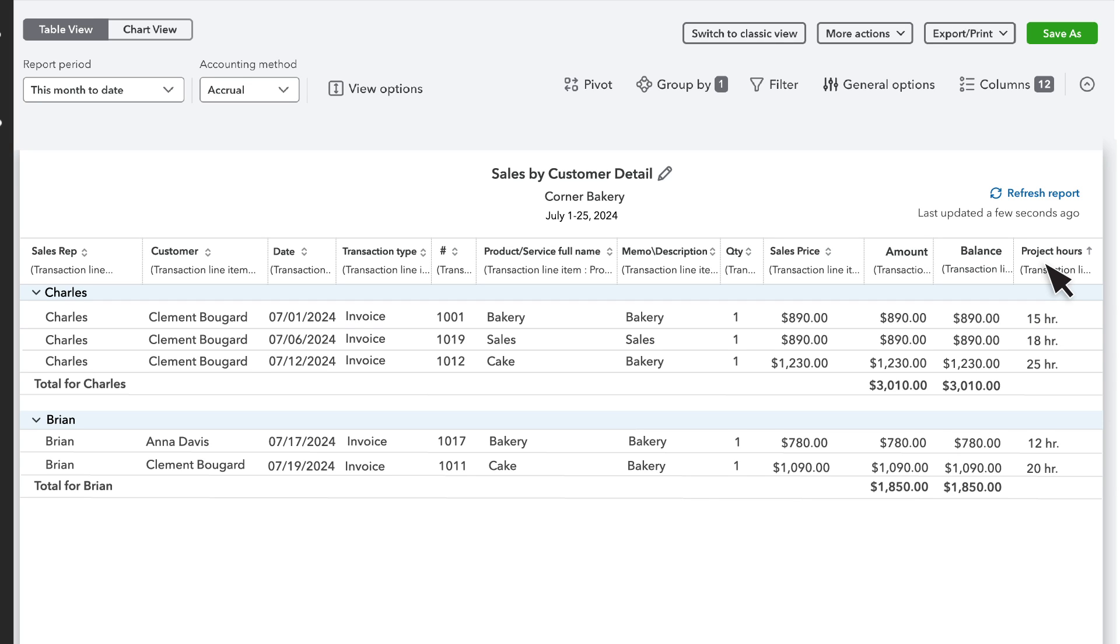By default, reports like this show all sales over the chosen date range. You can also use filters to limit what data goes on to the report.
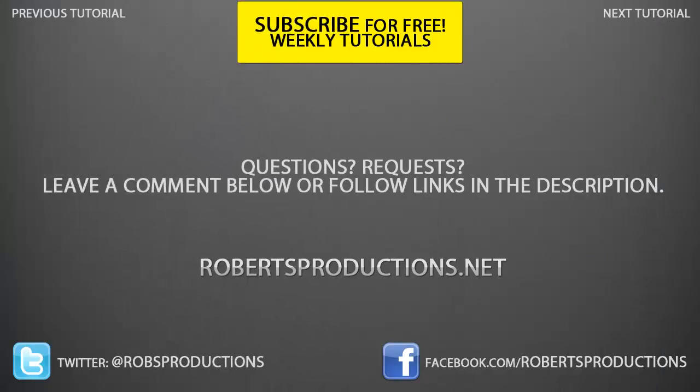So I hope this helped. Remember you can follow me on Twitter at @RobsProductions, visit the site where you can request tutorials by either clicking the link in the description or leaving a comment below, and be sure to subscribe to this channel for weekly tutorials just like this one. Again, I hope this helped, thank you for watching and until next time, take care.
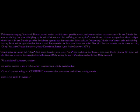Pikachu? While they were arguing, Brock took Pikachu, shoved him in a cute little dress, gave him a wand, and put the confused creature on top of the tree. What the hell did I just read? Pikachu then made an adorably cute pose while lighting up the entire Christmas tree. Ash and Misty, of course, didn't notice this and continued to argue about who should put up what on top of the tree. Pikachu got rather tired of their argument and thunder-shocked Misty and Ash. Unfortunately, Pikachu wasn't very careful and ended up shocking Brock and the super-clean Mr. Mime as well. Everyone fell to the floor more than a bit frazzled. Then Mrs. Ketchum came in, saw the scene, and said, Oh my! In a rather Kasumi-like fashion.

--

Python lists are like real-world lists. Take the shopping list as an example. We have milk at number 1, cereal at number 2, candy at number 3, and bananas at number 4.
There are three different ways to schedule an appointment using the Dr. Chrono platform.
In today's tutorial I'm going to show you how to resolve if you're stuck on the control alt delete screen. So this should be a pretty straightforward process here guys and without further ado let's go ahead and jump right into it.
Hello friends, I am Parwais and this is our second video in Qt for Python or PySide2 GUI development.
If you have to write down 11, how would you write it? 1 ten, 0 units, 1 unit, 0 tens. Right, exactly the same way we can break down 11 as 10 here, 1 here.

==

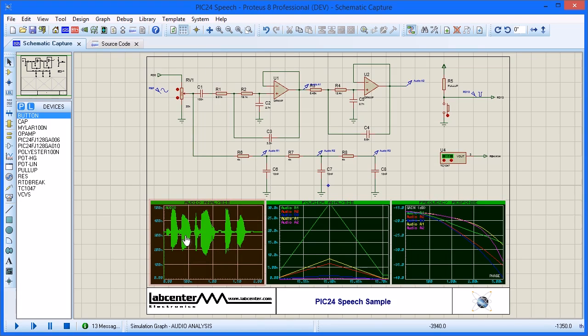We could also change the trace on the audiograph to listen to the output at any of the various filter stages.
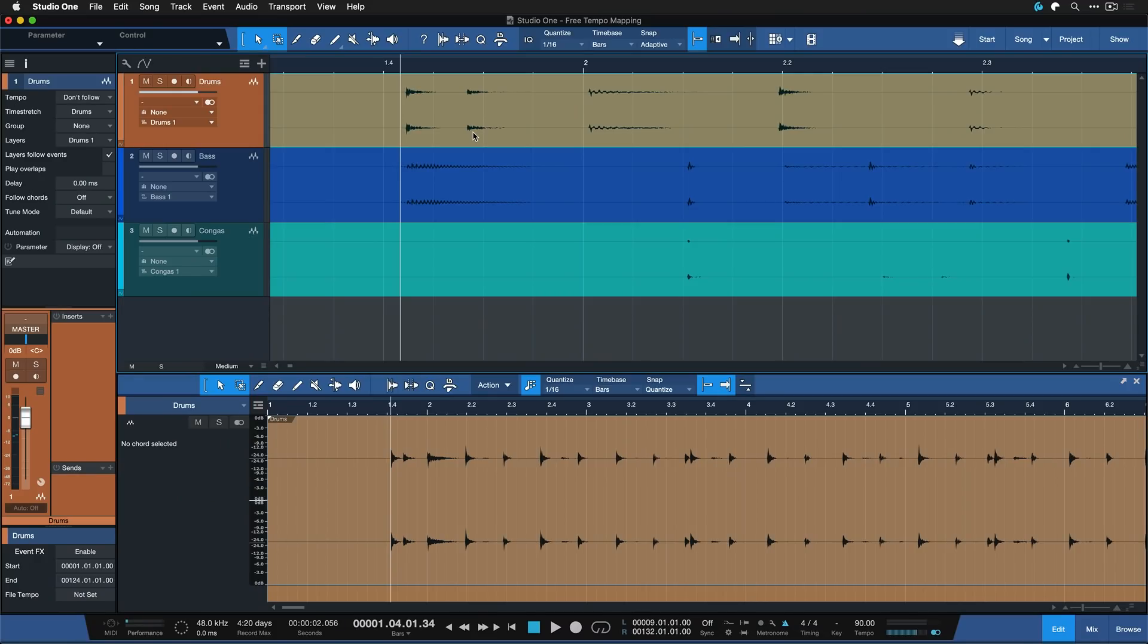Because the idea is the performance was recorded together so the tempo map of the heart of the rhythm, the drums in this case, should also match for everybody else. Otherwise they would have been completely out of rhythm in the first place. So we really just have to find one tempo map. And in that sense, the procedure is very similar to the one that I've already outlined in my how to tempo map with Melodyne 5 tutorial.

◆ **What to produce**
Your answer should consist of the lines from the line with "Hello friends, I" to the line with "If you have" above, repeated exactly, both ends included.

◆ **Answer space**
Hello friends, I am Parwais and this is our second video in Qt for Python or PySide2 GUI development.
If you have to write down 11, how would you write it? 1 ten, 0 units, 1 unit, 0 tens. Right, exactly the same way we can break down 11 as 10 here, 1 here.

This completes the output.